Pritzker, Johnson pledge massive boost for violence prevention programs

US

After a violent holiday weekend that saw nearly 100 people shot, Gov. J.B. Pritzker, Mayor Brandon Johnson and Chicago-area lawmakers, business leaders and philanthropies announced plans for long-term investment in violence prevention programs.

At a news conference at the Loop headquarters of the Crown Family Philanthropies, business leaders made good on a pledge of $100 million in private funding for anti-violence programs that target residents who are statistically likely to be involved in gun violence as a shooter or victim. Those funds come on top of hundreds of millions of public dollars pledged in the budget for Chicago, Cook County and the state.

Pritzker noted the stunning statistics on Chicago violence over the Fourth of July weekend: 21 people killed and100 wounded in shootings citywide. “It’s a tragic and painful reminder of the urgency of the work that we’re here to [discuss] and how much more there is left to be done,” he said.

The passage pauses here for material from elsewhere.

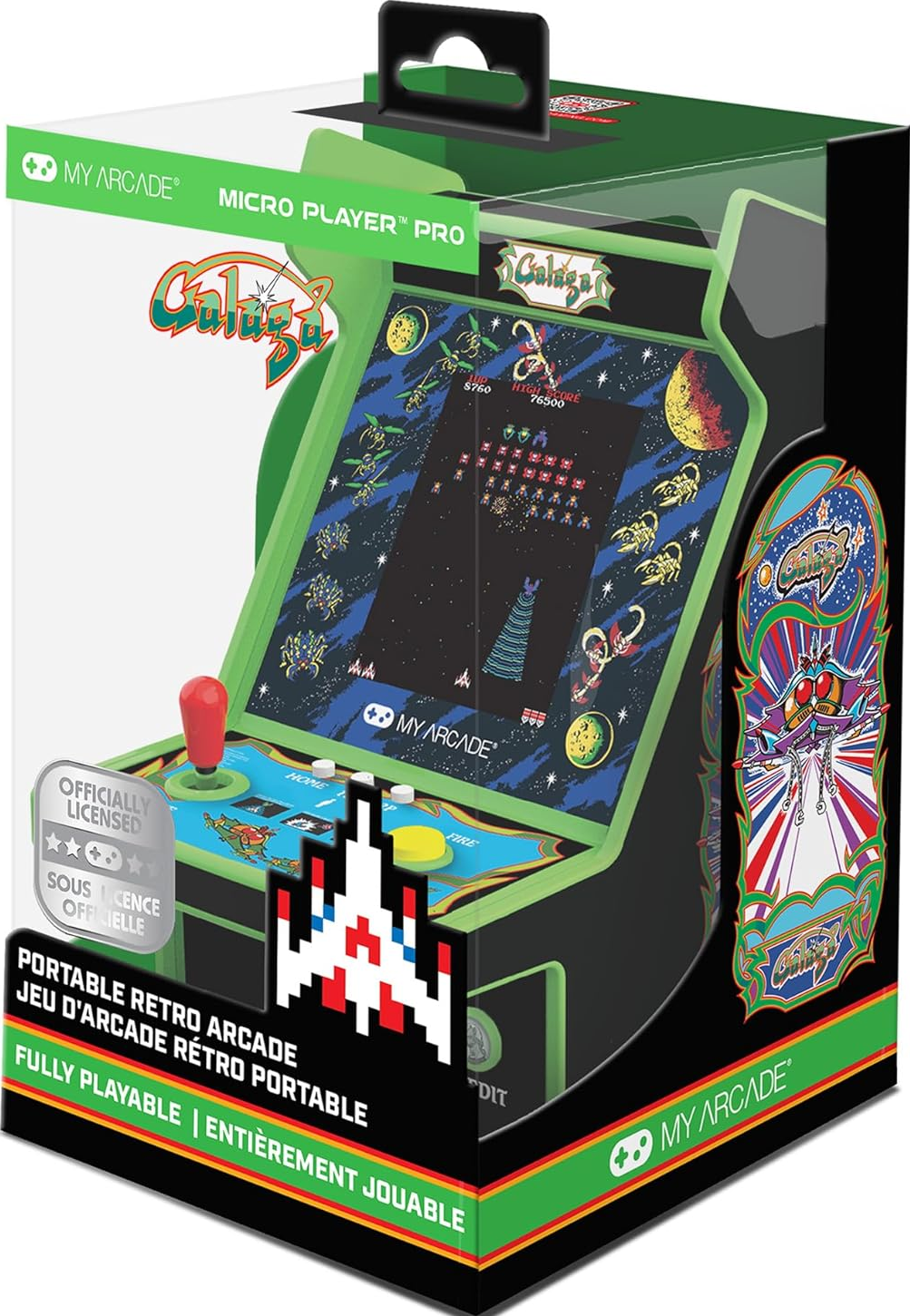 Ein My Arcade Galaga Micro Player Pro Arcade-Spiel. Es hat einen grünen Rahmen, einen roten Joystick und eine pixelige Alien-Szene.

The programs — which hire and train neighborhood residents who often have been involved in street violence to intervene in conflicts and recruit their former peers into the program — are not new. But funding in recent years has hit unprecedented levels. A website launched Monday by a joint state and local government task force tabulated more than $225 million spent by public and private sources on violence prevention in 2023.

The $100 million in private donations is part of a target of $400 million in spending to increase the number of participants in anti-violence programs to half, and then three-quarters, of all Chicago residents who are considered at the highest level of risk of shooting someone or being shot themselves. The public-private effort is called Scaling Communty Violence Prevention for a Safer Chicago or SC2.

Mayor Brandon Johnson and Chicago Police Supt. Larry Snelling also referred to the weekend violence in their remarks, with Johnson calling for justice for victims of violence as well as investment in community development and mental health, comparing such spending to 1960s-era Great Society programs rolled out by President Lyndon Johnson.“It will take a sustained investment in our people,” Johnson said. “We had a chance 60 years ago to invest in [solving] the root causes, and we were mocked.”